There are a row of n houses, each house can be painted with one of the three colors: red, blue or green. The cost of painting each house with a certain color is different. You have to paint all the houses such that no two adjacent houses have the same color.

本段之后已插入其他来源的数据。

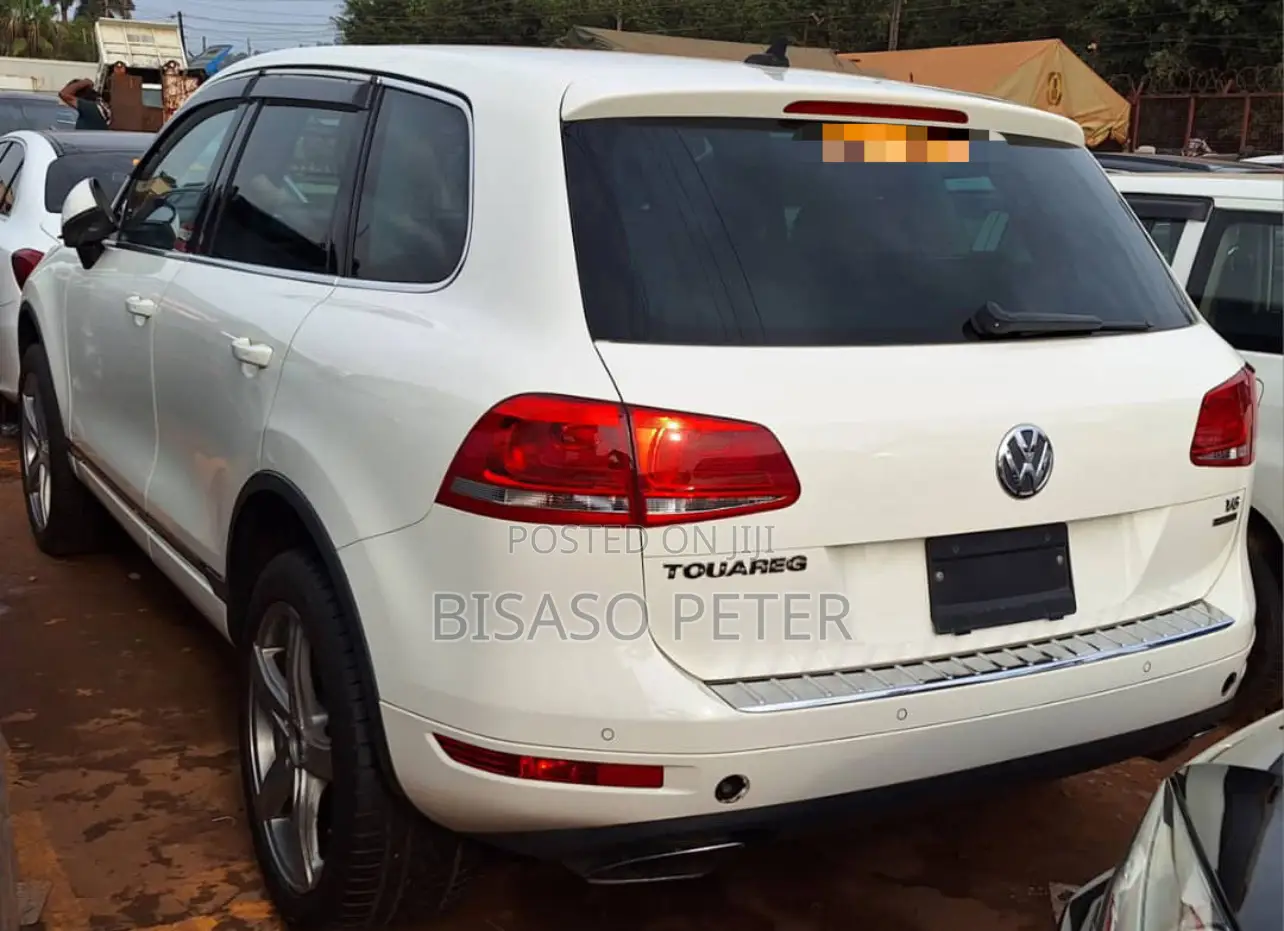 Volkswagen Touareg 2015 White
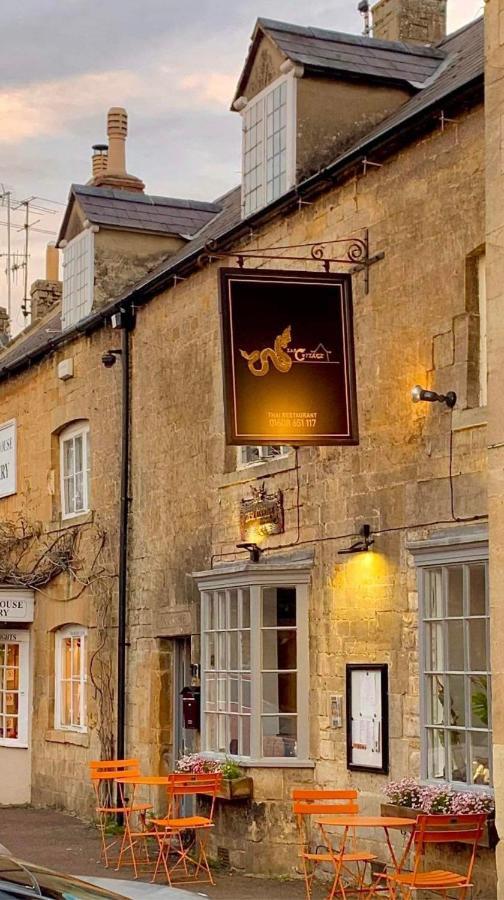 Siam Cottage Guesthouse Over 300 Years Old With Thai Restaurant Moreton-in-Marsh Eksteriør bilde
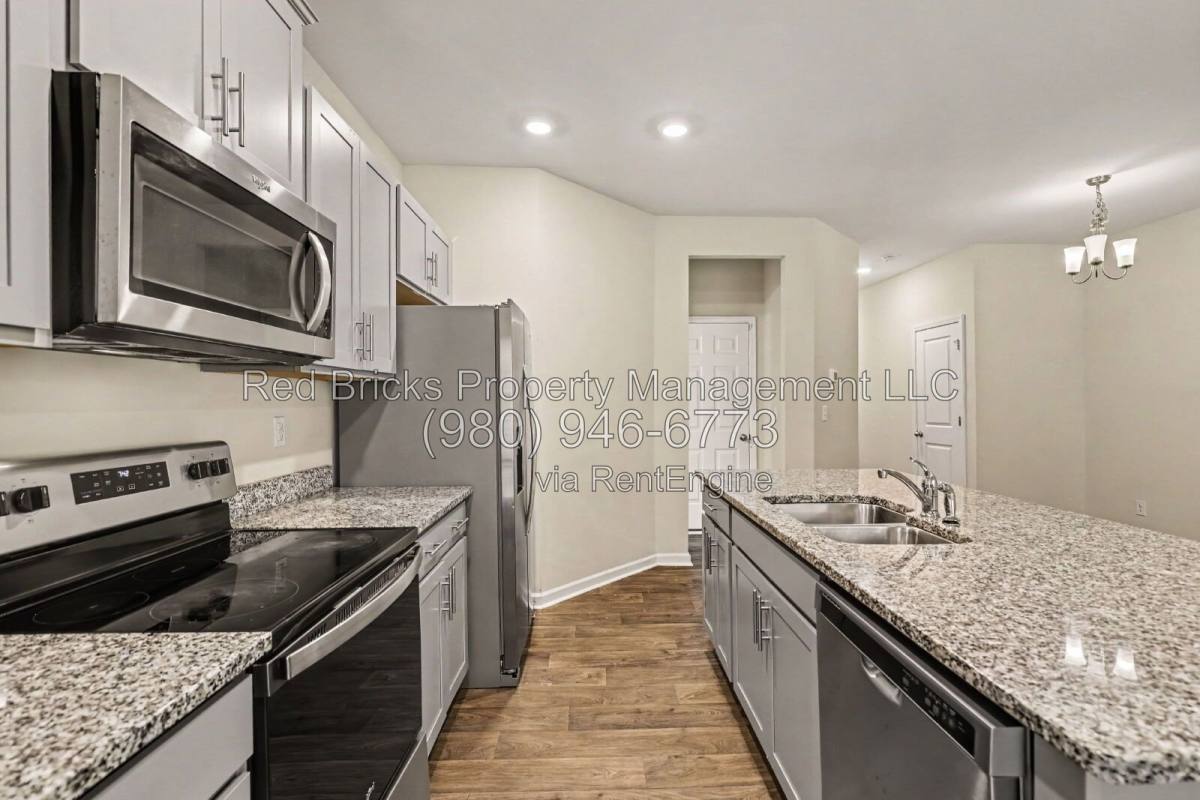 6049 Guildford Hill Lane, Charlotte, NC 28215 - Townhouse for Rent - Image 16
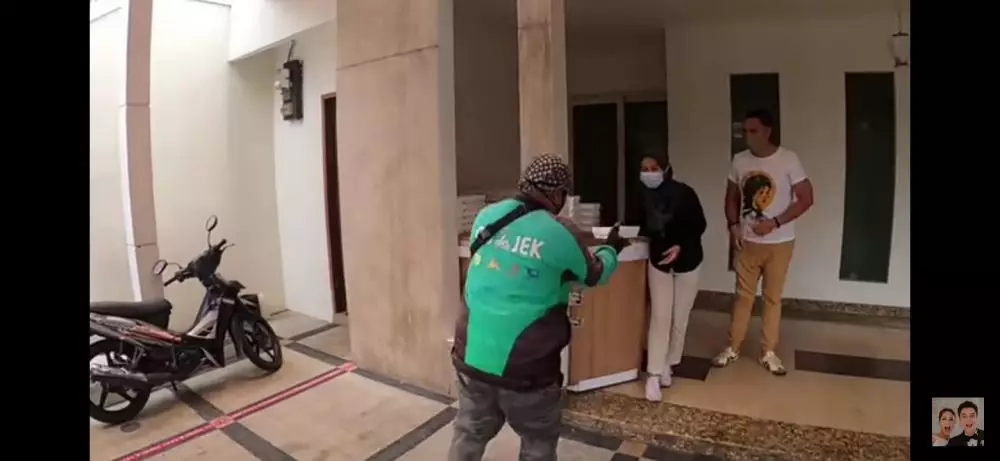 Baim Wong buka rumah makan gratis © 2022 berbagai sumber Baim Wong buka rumah makan gratis © 2022 berbagai sumber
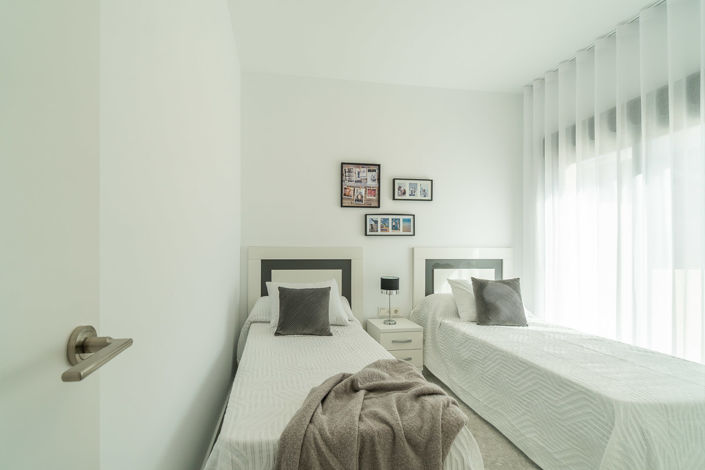 Image No.20-2 Bed Apartment for sale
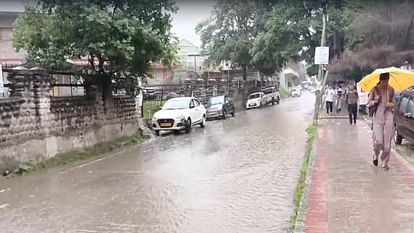 Himachal Weather: imd alert for heavy rain in isolated places of state, risk of flood in five districts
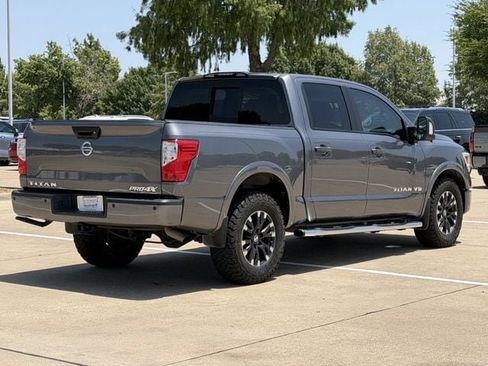Used 2019 Nissan Titan PRO-4X w/ Pro-4x Convenience Package AWD/4WD image 4
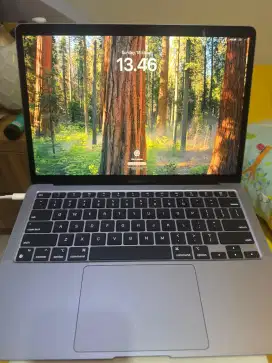 Macbook air 13inch M1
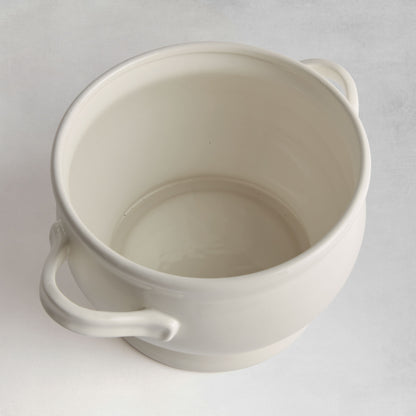 White ceramic footed bowl - stylish home accent (Image3).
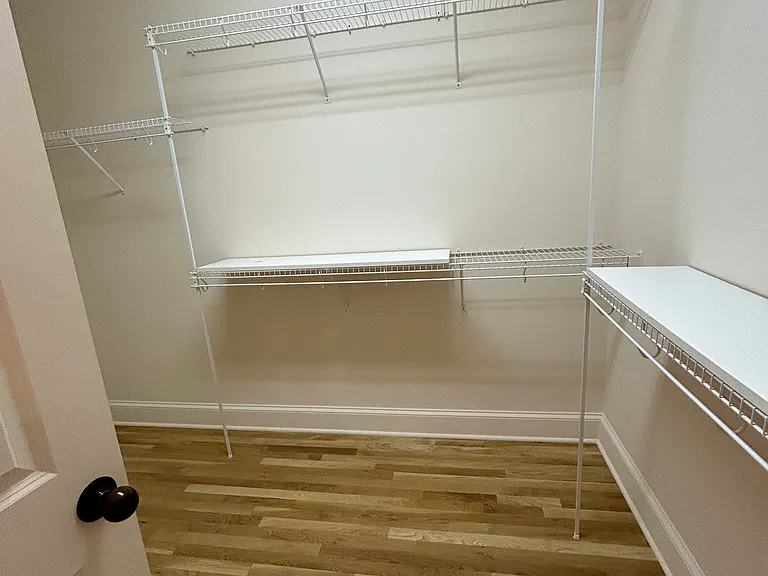 8 Rivoli Ln — Photo 14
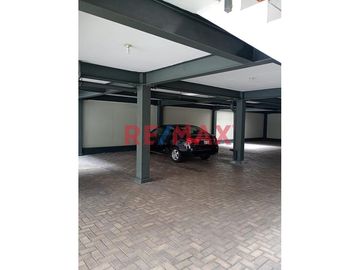Venta Hermoso Departamento En Miraflores A 3 Cuadras De La Av. Larco
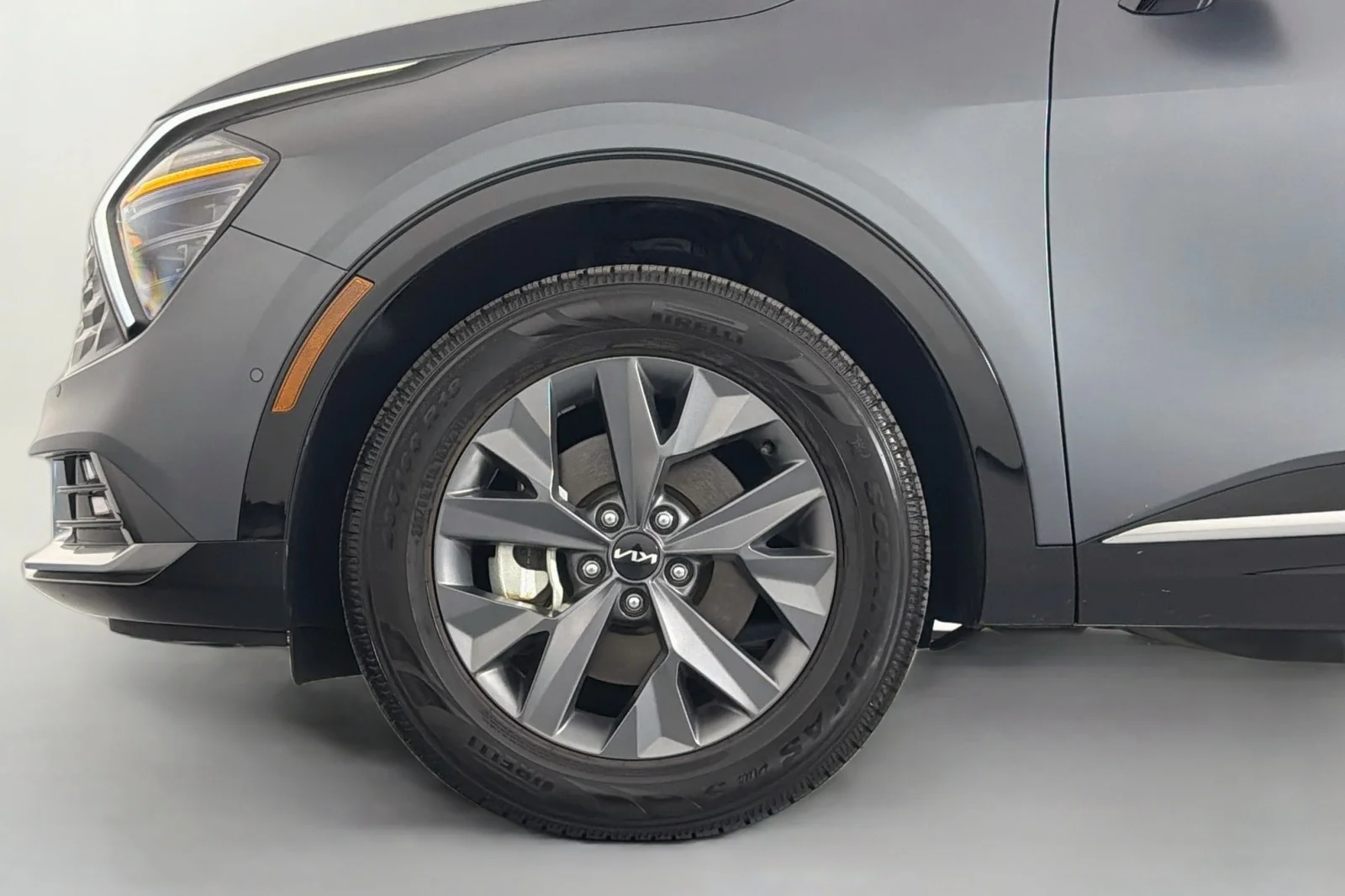 Used 2023 SHADOW MATTE GREY Kia SX-Prestige image 9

The cost of painting each house with a certain color is represented by a n x 3 cost matrix. For example, costs[0][0] is the cost of painting house 0 with color red; costs[1][2] is the cost of painting house 1 with color green, and so on... Find the minimum cost to paint all houses.
Note:
All costs are positive integers.
Example:
Input: [[17,2,17],[16,16,5],[14,3,19]] Output: 10 Explanation: Paint house 0 into blue, paint house 1 into green, paint house 2 into blue. Minimum cost: 2 + 5 + 3 = 10.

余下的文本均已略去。